ショパン生誕200年ということで、ムジカノーヴァのブックレビューでショパン関連の本をたくさん読ませてもらっています。おりしも、アドリブが休刊したばかりで、今後音楽ライターって職業は果たして成り立つんだろうかと考えているところ。
そこで気づいたのが、ショパンはどうやって生計をたてていたのか、というところです。いまどきの感覚だと、素晴らしいピアニストで作曲家なのだから、演奏会のギャラと出版した曲の印税がメインで、生徒からのレッスン料はその足しなんじゃないかと思いたくなるんですが、どうやらそうではないらしい。そもそもコンサートは生涯で30回しか開いていない。レッスン料が収入の柱だったみたいです。
ちなみにレッスン料は自宅の場合20フラン、出張は30フラン。1940年代のパリの比較的高い日当が4フランなので、だいたいワン・レッスン2〜8万円相当。
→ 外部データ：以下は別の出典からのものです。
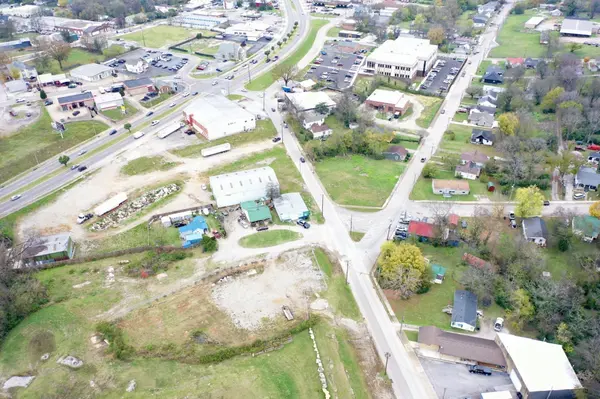 200 Cemetery Ave, Columbia, TN 38401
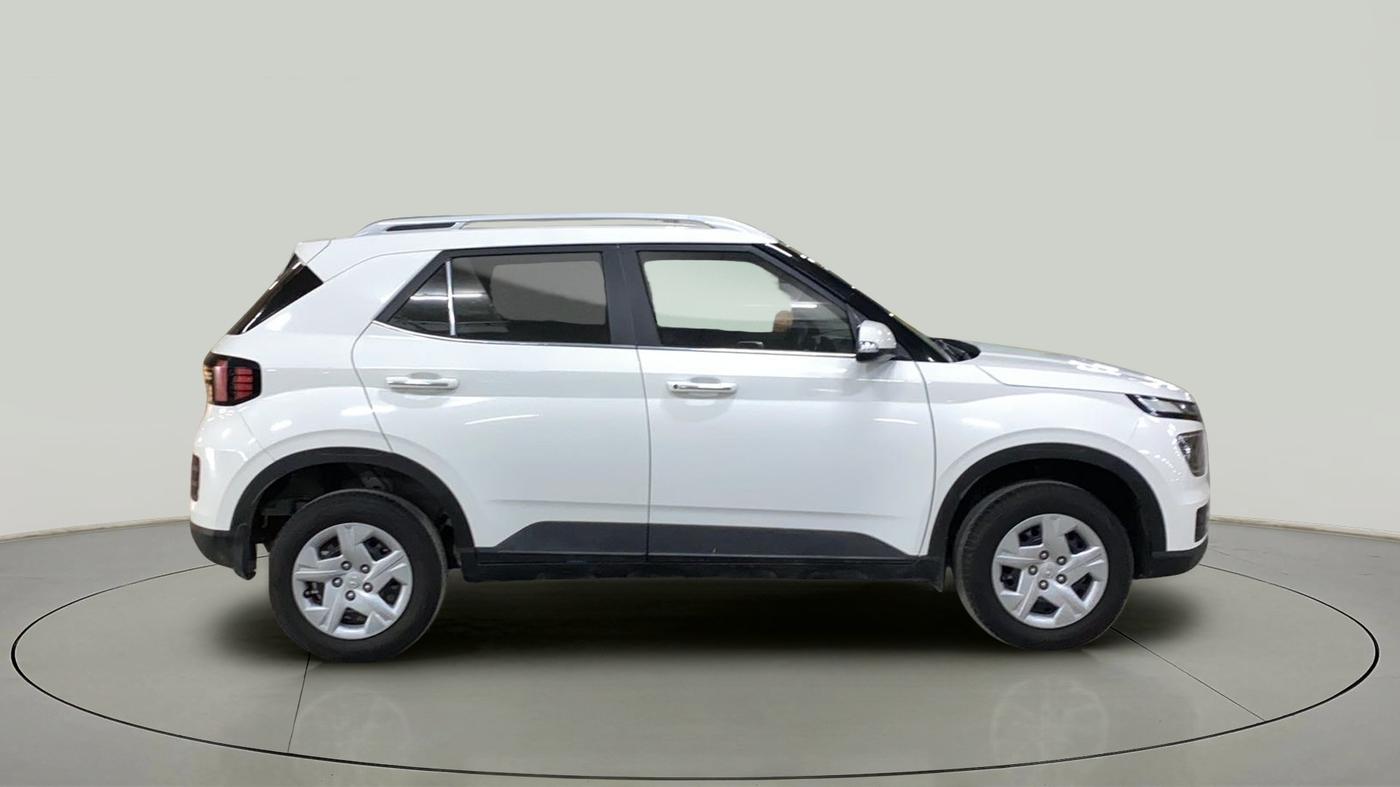 2022 Hyundai VENUE S(O) 1.2, Petrol, Manual, 10,208 km, Right Side View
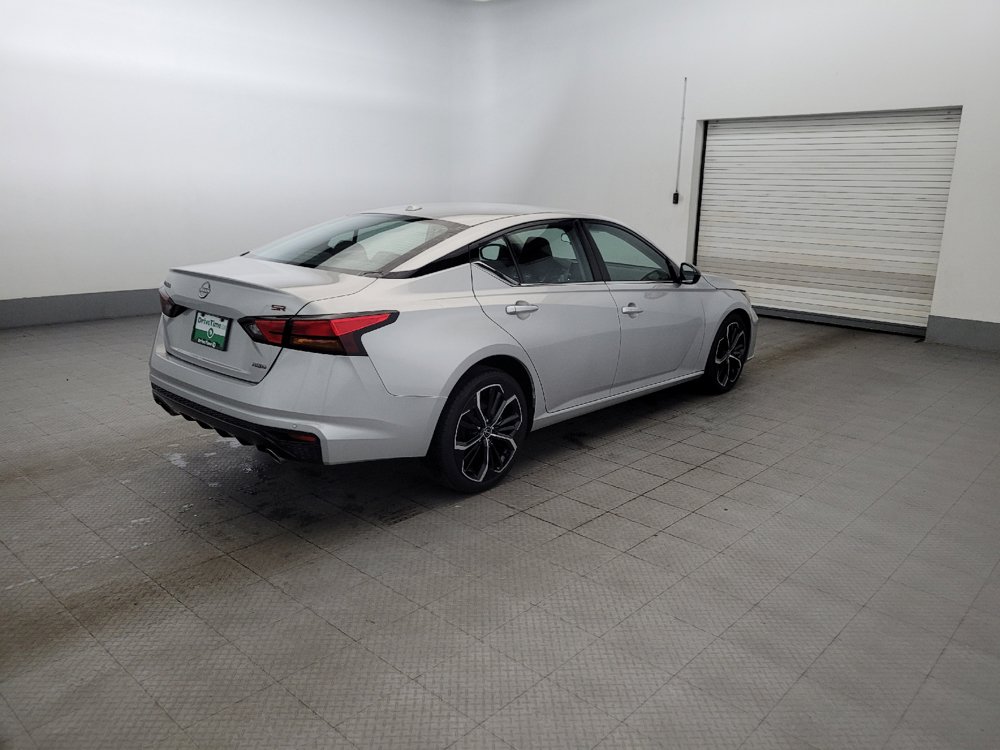 Used 2023 Nissan Altima 2.5 SR AWD/4WD image 10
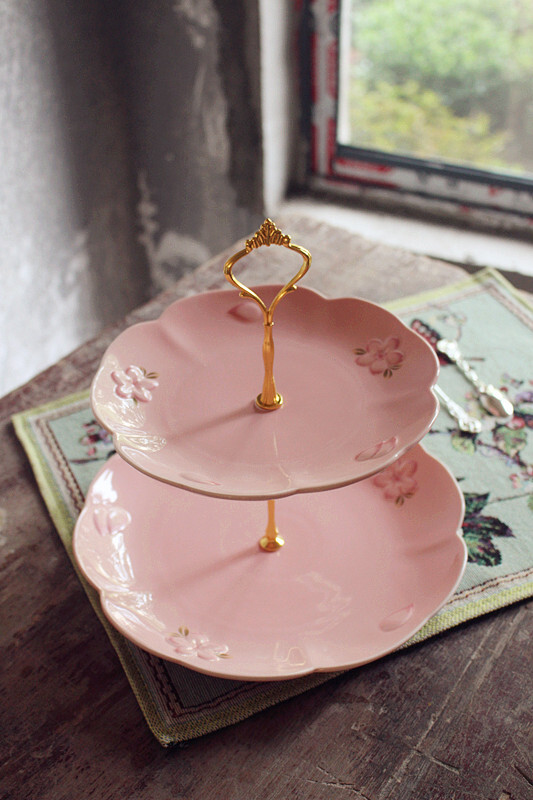 精美浮雕樱花 二层蛋糕架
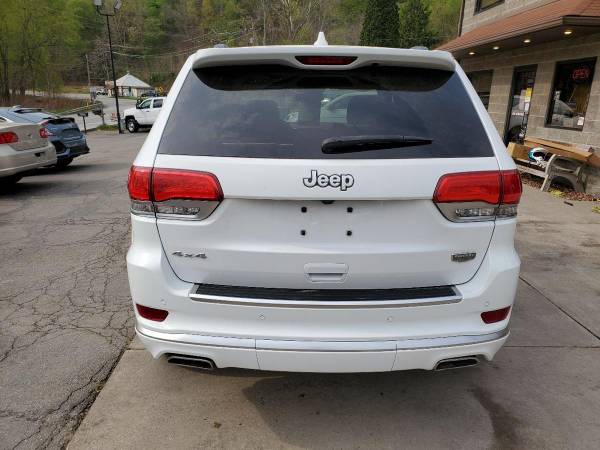 2015 Jeep Grand Cherokee Summit 4x4 4dr SUV EVERYONE IS APPROVED! for sale in Vandergrift, PA – photo 6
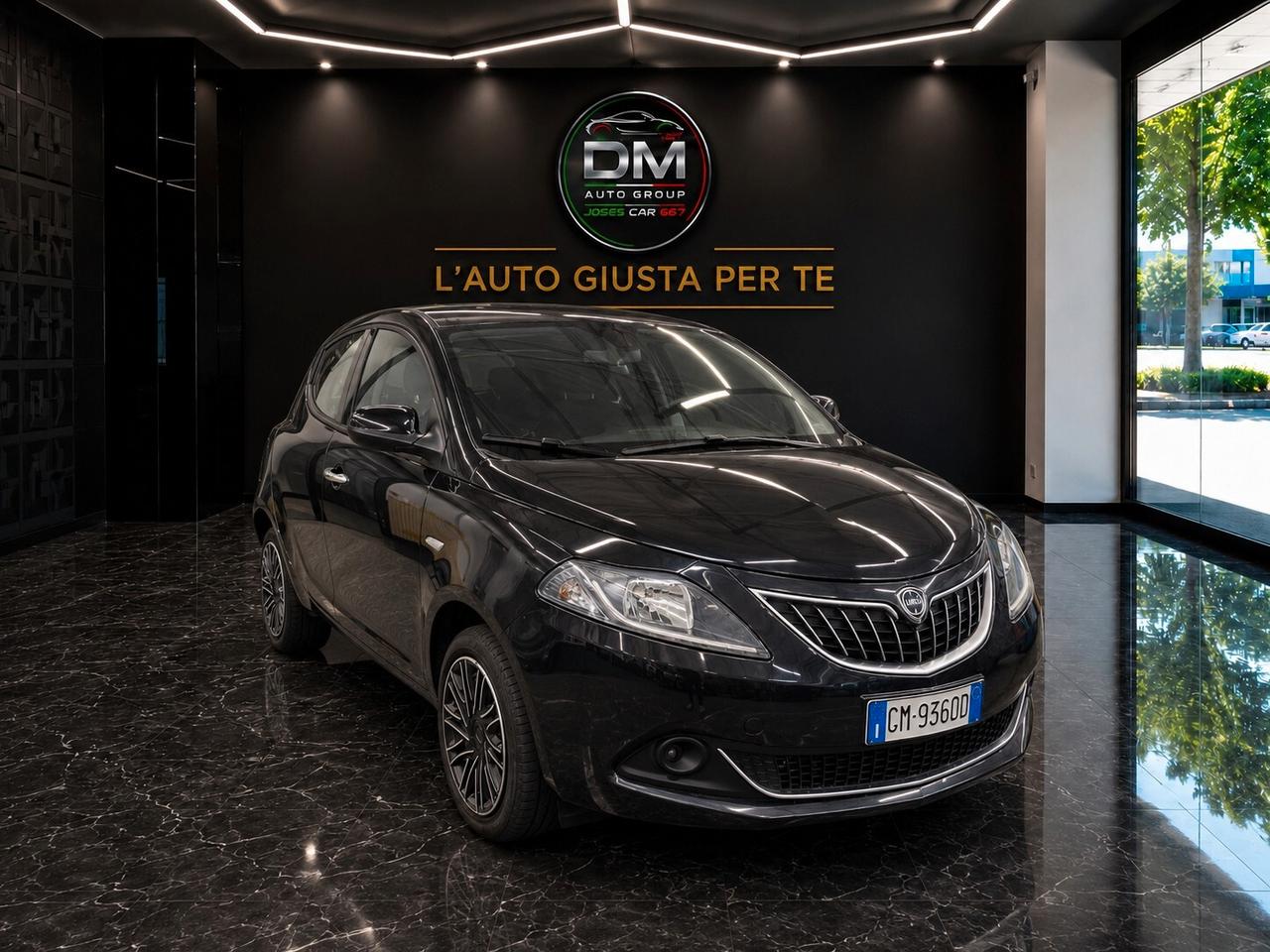 Lancia Ypsilon 1.0 FireFly 5 porte S&S Hybrid Silver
(ショパン 鍵盤のミステリー 仲道郁代編著より)。
レッスンは1日5時間までにしていた、と何かで読んだのですが、まあそうすると1人1時間として、1日あたり10〜40万円ぐらいの稼ぎになったわけですね。貴族同然の経費がかかる暮らしをしていたショパンは、それだけ稼ぎがあっても、いつもお金が足りなかったそうですが。
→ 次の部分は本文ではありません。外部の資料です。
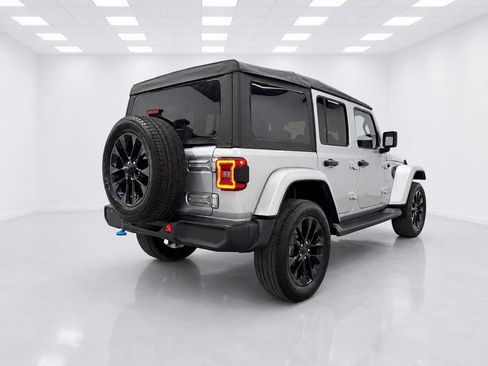 Used 2023 Jeep Wrangler Unlimited Sahara w/ Cold Weather Group AWD/4WD image 5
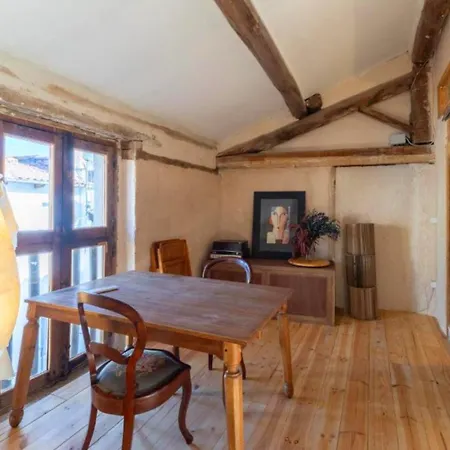 Relax En Casona Unica Lanueva Patio Compartido Apartment Candeleda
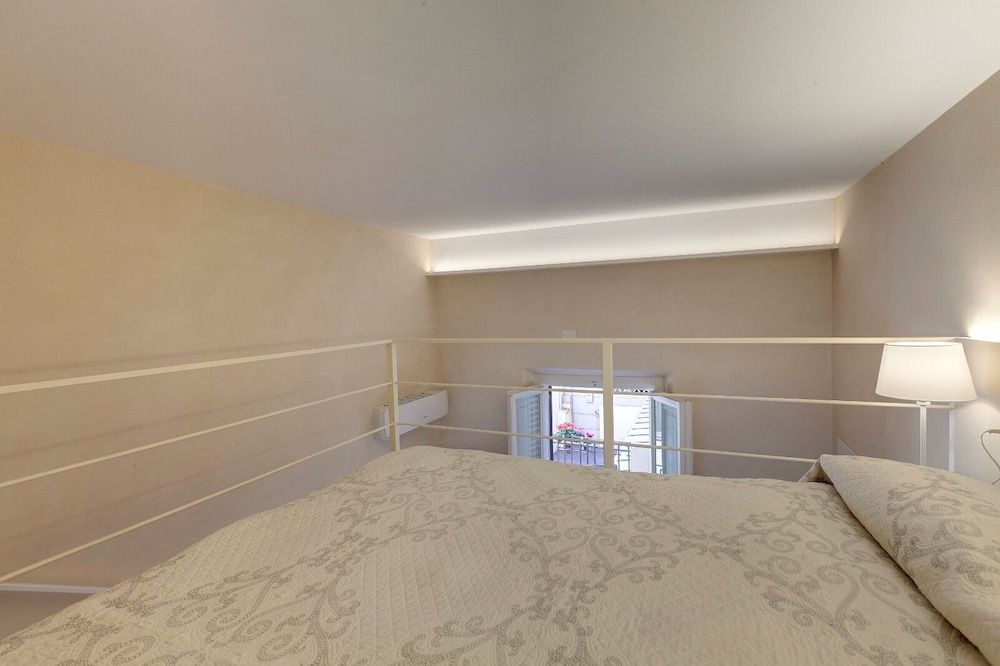 undefined Central Berchet With Terrace and Private Entrance 4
19世紀と現代では時代が違います。売れっ子ピアニストや作曲家には、演奏や印税だけで暮らしている人も確かにいるでしょう。でも、あのショパンでさえ、レッスン料が収入の柱だったと考えると・・・。聴衆や読者にウケることも大事だけれど、逆にそれにこだわりすぎず、別に収入の柱をきっちり確保して、自分の芸術を作るというのも、きわめてまっとうな手段だなと改めて感じます。
そこから考えていくと「音楽ライターは、音楽誌に書いて得た原稿料が収入の柱になっているのが望ましい」という面もあるけれど、それが絶対というわけでもないんですよね。ショパンの作品がすばらしければ、彼がレッスンで生計をたてていたことなんて別にどうでもいいのと同じで、原稿さえよければ、生計の柱が何であろうと、どうでもいいんですから。